• _Problem_:
The response must consist of the lines below from the one with "Classic Lolita KC" through the one with "Chemise en velours", exactly as they appear and with both ends kept.

• _Available records_:
:::::
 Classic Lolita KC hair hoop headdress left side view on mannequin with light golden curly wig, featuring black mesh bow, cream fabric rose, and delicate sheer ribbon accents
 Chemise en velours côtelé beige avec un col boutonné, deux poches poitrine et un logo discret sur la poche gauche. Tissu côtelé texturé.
:::::
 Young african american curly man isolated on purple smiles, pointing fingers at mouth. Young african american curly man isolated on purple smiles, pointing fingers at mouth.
:::::
• _Task output_:
 Classic Lolita KC hair hoop headdress left side view on mannequin with light golden curly wig, featuring black mesh bow, cream fabric rose, and delicate sheer ribbon accents
 Chemise en velours côtelé beige avec un col boutonné, deux poches poitrine et un logo discret sur la poche gauche. Tissu côtelé texturé.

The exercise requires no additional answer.